No one has more experience on Seattle’s roster playing against Rodgers than safety Quandre Diggs. Until the middle of this season, Diggs faced Rodgers twice a year as part of the Detroit secondary. Even though it’s a changed offense from what he played against in the past, Diggs is still being leaned on by teammates for little tips on how to try and slow down Rodgers.

“He is a really smart guy and any knowledge that he has is always good to gain,” Seahawks linebacker Bobby Wagner said.

The addition of Diggs has been a huge boost for Seattle’s defense. The Seahawks are 5-1 in the six games Diggs has played since coming over in a midseason trade from the Lions. While the defensive numbers aren’t markedly different, Seattle has played better with Diggs on the field.


LaFleur said Monday that a “little bit of a sickness” had crept into the building. But he said on Wednesday that “most of the guys are pretty healthy right now.”

Packers wide receiver Davante Adams had a simple prescription for the problem.

“Wash your hands, wash your butt, man. That's it,” said the two-time Pro Bowler.

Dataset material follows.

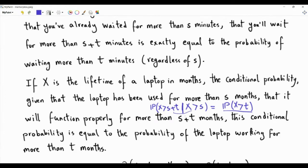It seems that in real life this conditional probability should vary with T and S, but there are applications in which behavior resembles the memoryless property. It is far-fetched in many situations, but you can find some situations in which you can model your non-negative random variables with a distribution having the memoryless property. In this video we will show that if the random variable X is absolutely continuous, then the only distribution with the memoryless property is the exponential distribution.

DK Metcalf had quite the debut to the NFL playoffs. Metcalf set an NFL rookie playoff record with 160 yards receiving last week against the Eagles. Metcalf had a season-high seven catches and pulled in a 53-yard touchdown in the second half that gave Seattle an 11-point lead. He also had a 36-yard catch on Seattle’s final possession to seal the victory.

“(Metcalf is) just a big, physical, fast, young receiver who I think is going to be a really, really good one,” LaFleur said of the 6-foot-4, 229-pound second-round pick from Ole Miss.

Metcalf had a strong second half of his rookie season, but the stage of the postseason put him in the spotlight after his performance against the Eagles. He’s caught at least six passes in six of the past nine games. He’s received praise all season from coach Pete Carroll and quarterback Russell Wilson for his progression.

“Just seeing that they trust in me, two of the highest people on the team trust in me to get things done,” Metcalf said. “I just got to take that and continue working and show them why they trust me so much.”


The Seahawks are 8-1 on the road this season, including a 17-9 win in Philadelphia in the wild-card round, but have lost eight straight at Lambeau Field and are 1-9 all time in the Packers' stadium. Wilson is 0-3 as a starter at Lambeau with a passer rating of 60.42. Wilson has completed just 55 of 96 his passes (57.3%) for 604 yards with six interceptions and just three touchdowns.

“I hope there’s some carryover,” Packers outside linebacker Kyler Fackrell said of Wilson. “We’ve had a lot of success against him here and hopefully we can do it again. Hopefully the weather will be to our advantage and I think we have a good game plan for him.”

The forecast calls for a kickoff temperature in the low 20s, but a potential winter storm is shaping up to arrive in the region Saturday night, bringing gusty winds and up to 10 inches of snow. Packers officials released a notice on Thursday seeking as many as 700 people to help shovel to clear out the expected snowfall at Lambeau.